隣国編
21.弱さ
S side
「人前では…辞めて下さいと言った筈で…」
口をむっと尖らせ、瞳を逸らす。
その初々しい仕草に、胸が高鳴った。
「レティが可愛くて、したくなっちゃった」
「なッ、///」
不意を突かれ、驚く彼を引き寄せて、瞼にそっ、と口づける。
…可愛いな、
俺は、好きな子は、とことん甘やかしたい
周囲では、令嬢達が黄色い歓声を上げていた。
「皆を混乱させて、申し訳なかった。これより先は、私が保証する。存分に楽しんで欲しい」
戸惑う生徒達に声を掛けた後、壁際で演奏を止めていた指揮に視線を送る。
それを合図に、クラシックが、優雅に響き始めた。次第に、夜会は賑やかさを取り戻していった。
「レティ。俺と踊ってくれますか」
「ふふ、勿論です」
重ねられた手をそっと握り締めて、フロアを移す。
“ 氷の女神 ”と呼ばれ、毅然とした姿勢で、第一王子妃候補として 努力を惜しまない彼に、憧れを抱く者は少なくない。
彼に愛されている優越感と、独占欲に支配されていく。
……どうか、俺にしか甘えない君でいて
◇◇◇◇◇
……終わったん、だよな
ステップを踏む度に靡く、艶やかな黒髪と、神秘さを纏う紫眼。凜とした美しさに、周囲は釘付けだった。
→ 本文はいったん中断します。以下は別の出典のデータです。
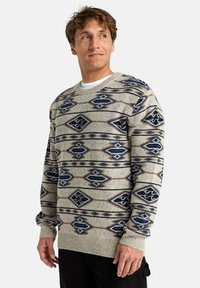 Пуловер Пуловер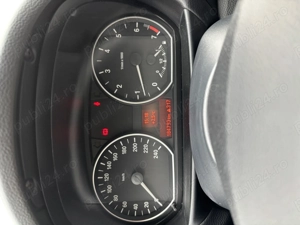 BMW Seria1 2009 2.0benzină - imagine 7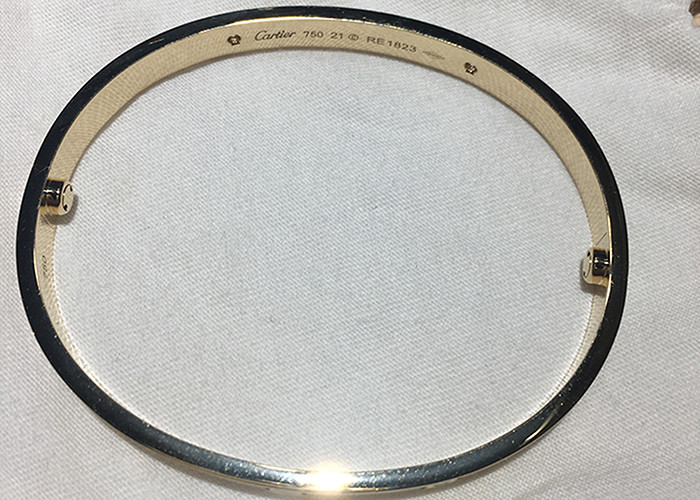 6.1mm Width 18K Solid Gold Jewellery Bangle 0.42carat With 4 Diamond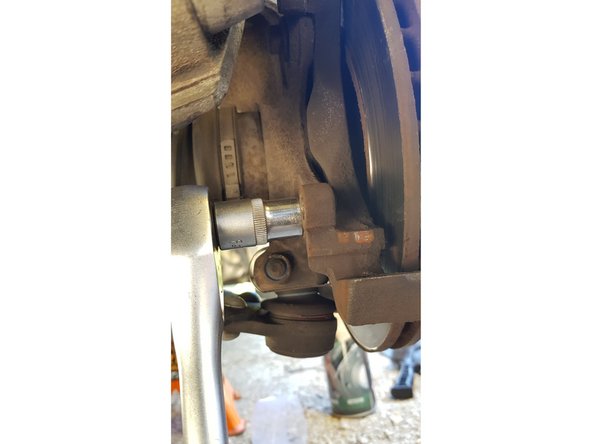 A l'aide d'une douille de 13mm retirez les 2 vis.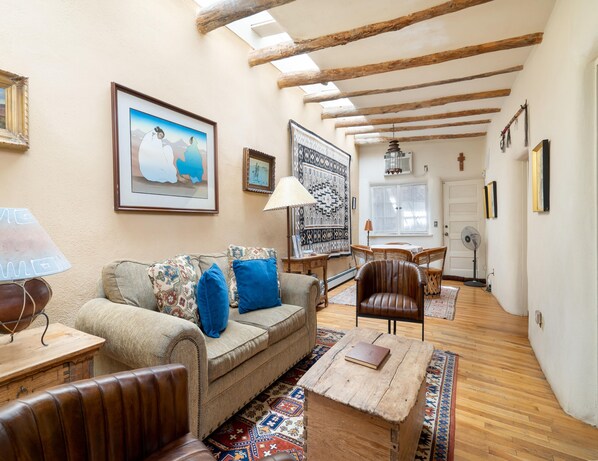 Smart TV, fireplace, DVD player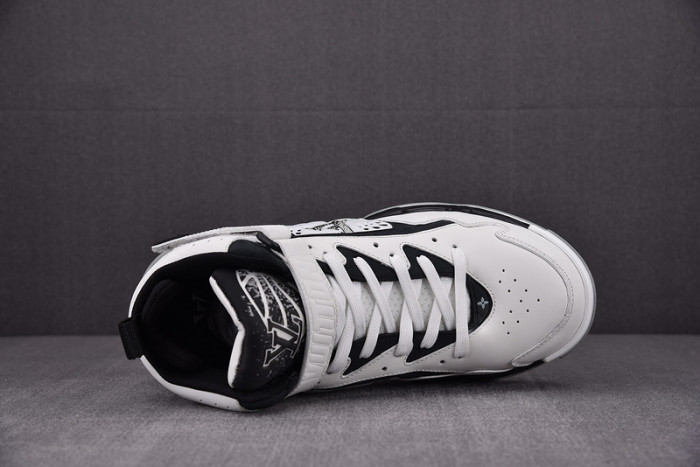 LV TRAINER 2 SNEAKER 1AAH95
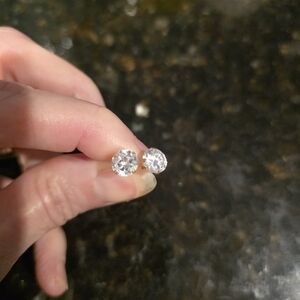 14kt Stud Earrings With 1 Carat Cz Stone Each. Beautiful Set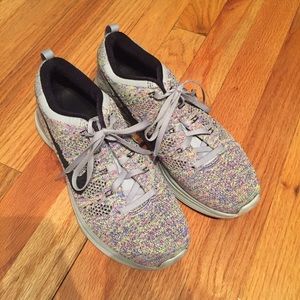 Nike WMNS Flyknit Lunar+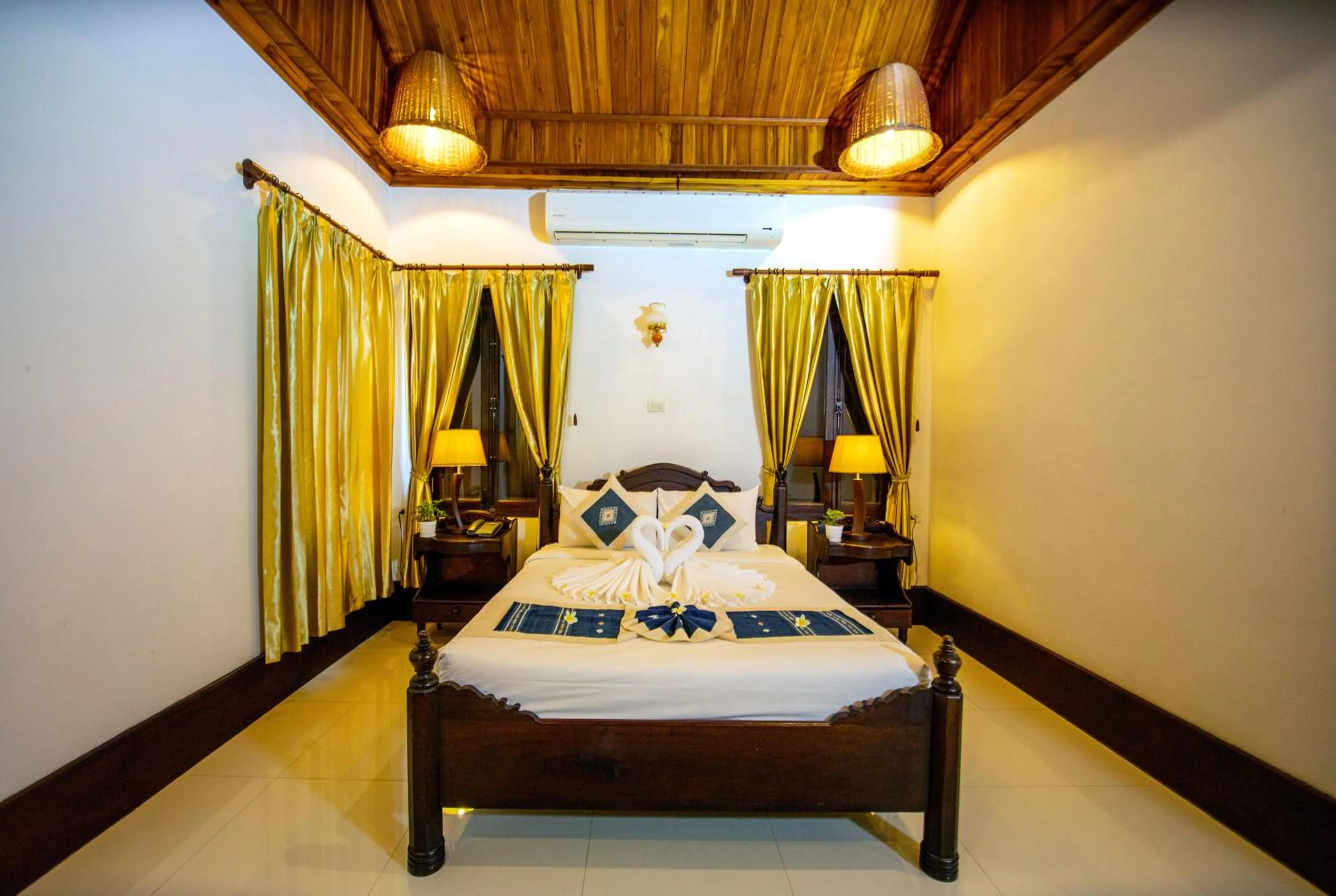 Bedroom, Bed in Treasure Hotel Laos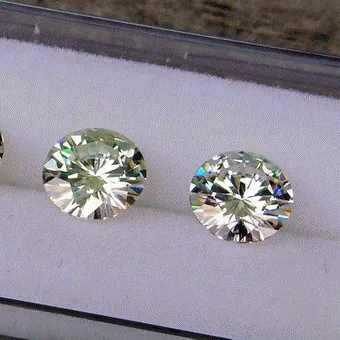 Hogyan lehet megkülönböztetni gyémánt egyéb kövek különbözik vágott gyémánt moissanite, fionita és (különböző) Hogyan lehet megkülönböztetni gyémánt egyéb kövek különbözik vágott gyémánt moissanite és fionita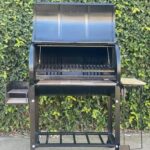 Parrilla chulengo grande con fogon y tapa negra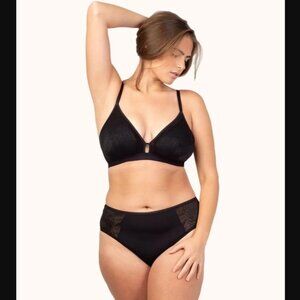 Lively‎ The Smooth Lace Busty Bralette Jet Black 2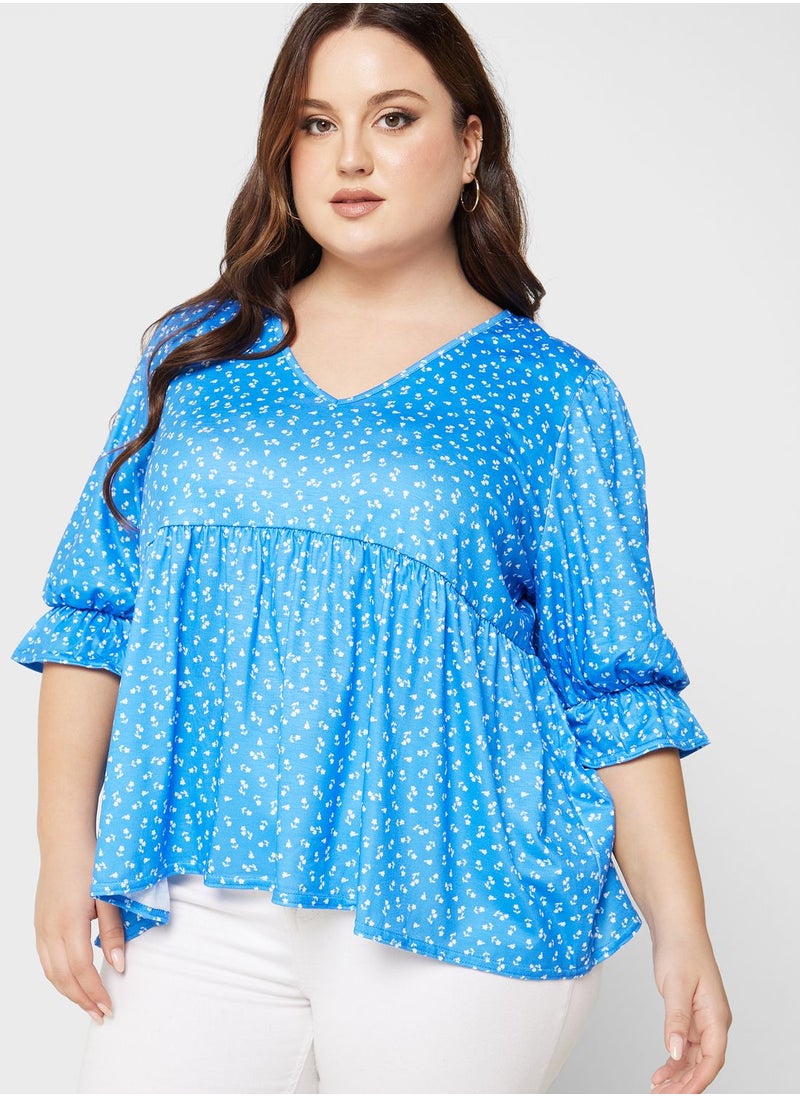 In The Style Curve Curve Jac Jossa Blue Smudge Print Smock Top With Puff Sleeves  - Image 1
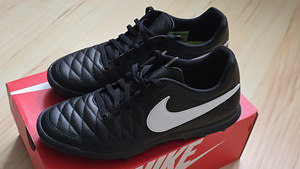 Футбольные бутсы Nike Myjestry TF (2 фото из 4)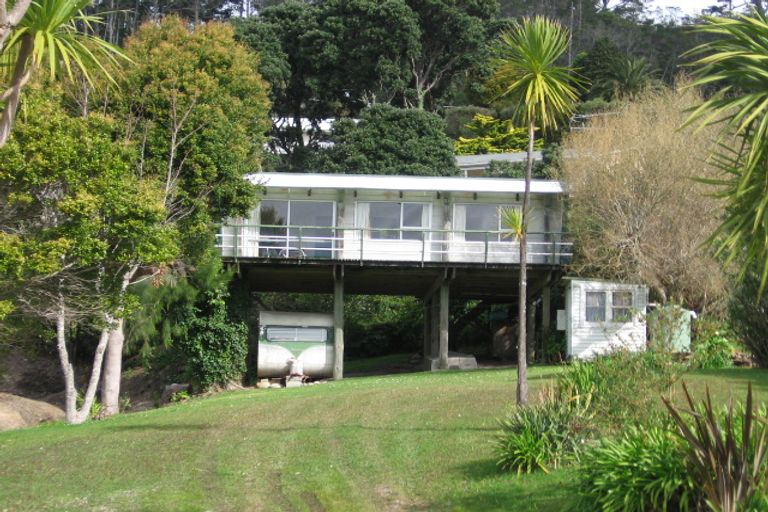 Photo of property in 94 Pa Road, Hahei, Whitianga, 3591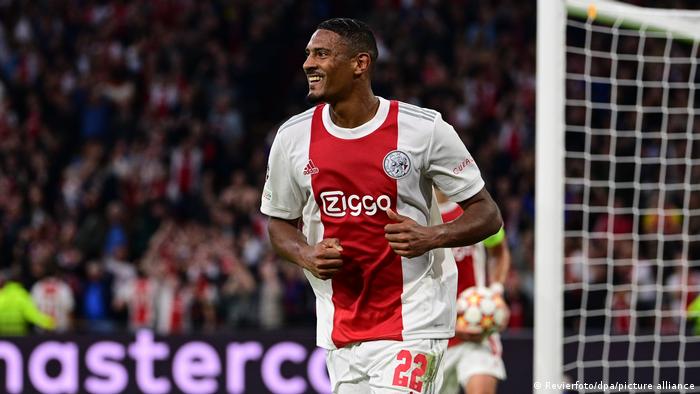 Champions League: Sebastien Haller back to his prolific best with Ajax |  Sports | German football and major international sports news | DW |  18.10.2021
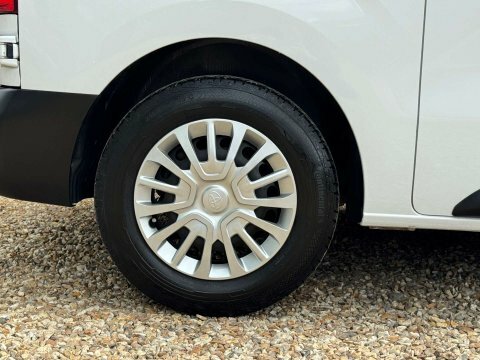 Toyota PROACE 1.5D Combi Medium  #16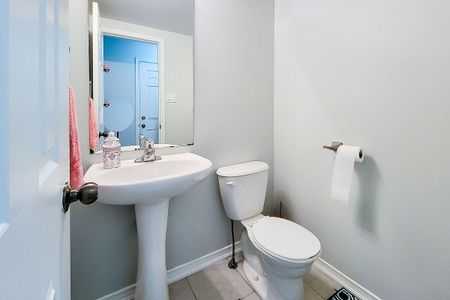 For Lease - 62 Lynch Crescent, Hamilton, Ontario - Photo 5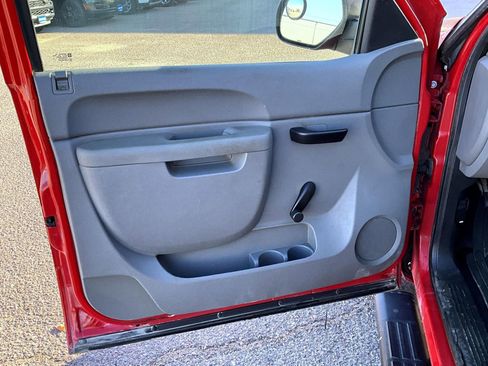 Used 2013 Chevrolet Silverado 1500 W/T image 11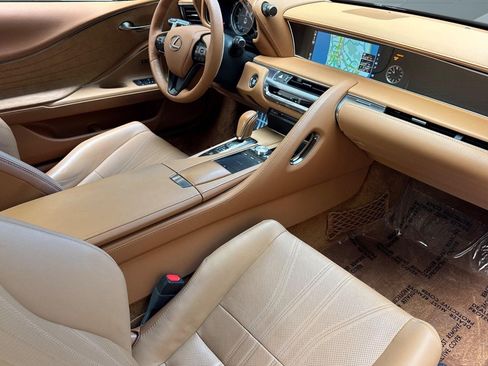 Used 2018 Lexus LC 500 Coupe w/ Touring Package RWD image 33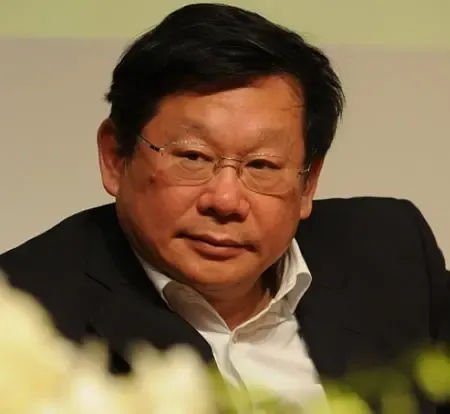 [摘要] 全国政协委员,广州富力房地产集团老总张力语出惊人:"以前我们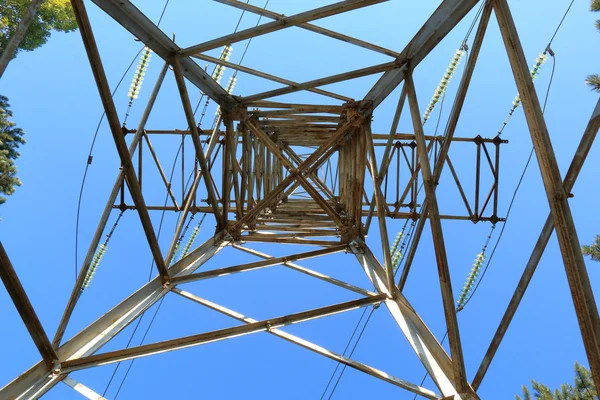 Vista dal basso su una torre di trasmissione di potenza — Foto Stock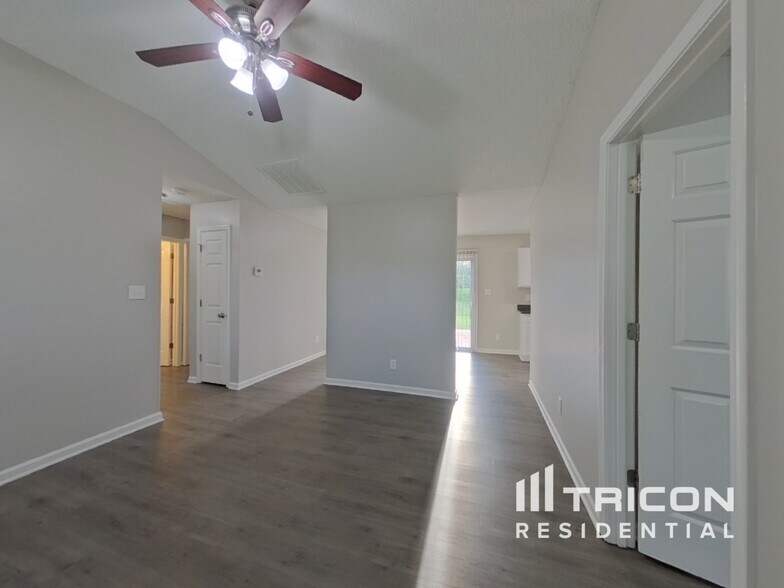 Building Photo - 9923 Austin Samuel Pl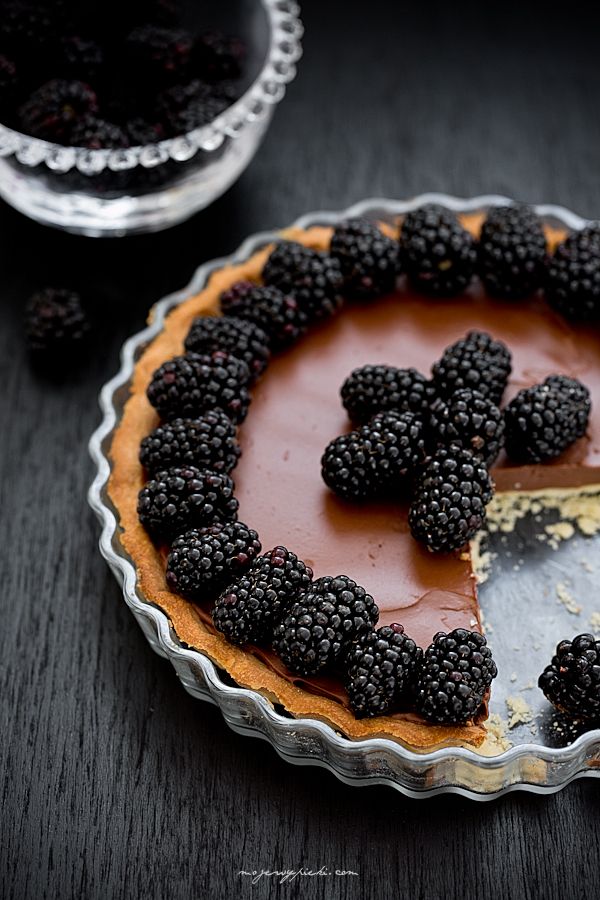 Tarta z kremem czekoladowym i jeżynami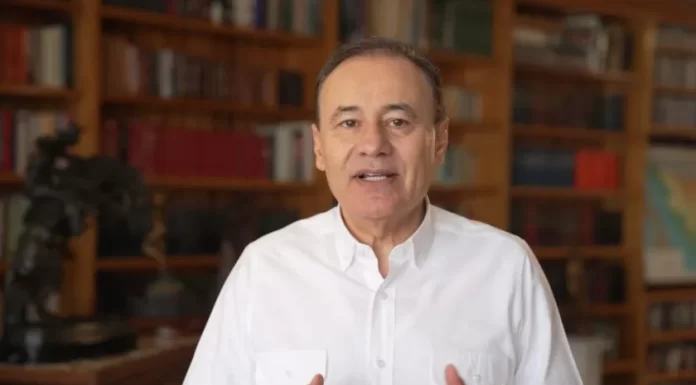 Llama Gobernador a migrantes que serán deportados de EU a no cruzar por Sonoyta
意図せず、視線を絡ませれば、ふっと表情を緩ませて、目尻が下げられる。その仕草が、幸せだと訴えているようで、途端に、目頭が熱くなった。
……何だかんだ、限界だったんだ
前世では、平々凡々で、
誰かにとって、“ 特別 ”といえるような存在には、なれなかった。無論、家族以外で、だが。
大抵が、友達と呼ぶには距離が遠くて、
恋人いない歴=年齢。
『そう言えば…、居たな』と忘れられている。その程度にしか思われていない存在。
それに対して、シオン・アルフォンスは、どう考えたって“ 光 ”だろう。
突然、前世と正反対な環境に囲まれ、第一王子として、全うすべき重責に追われ、愛しい存在を守る為に、翻弄することを余儀なくされた。
無意識に、心に鞭を打っていたんだろう。緊張が解けた途端、ボロボロと感傷的になっていく。
ゲームは終わった。
これからは…、彼と幸せになる為に
◇◇◇◇◇
R side
頃合いを見計らって、シオンを休憩室に連れ出した。
それは、顔を歪めるような仕草を取った彼を心配してだった。
何が、彼をそうさせたんだろうか。
不安で、胸が締め付けられる。
「ッ……シ、オン?」
扉が閉まると同時に、後ろから抱き締められる。その腕に、そっと触れると、抱き締める力は、より一層強くなった。
「どうかしたんですか」
「……レティが、傍にいてくれて…、それが嬉しくて…」
途切れ途切れに紡がれた言葉に、愛しさが込み上げる。
第一王子として、周囲から向けられる期待に、拉致監禁事件。彼を襲う負担は計り知れない。到底理解し難いことだ。
けれど、いつだって言葉で、行動で伝えてくれた、支えてくれた…愛しい人。抱き締める腕を解いて、彼と向き合う。
「僕は、シオンが大好きです。愛してます。決して、傍を離れません」
視線を逸らさないように、両頬をむぎゅっと掴んで口づける。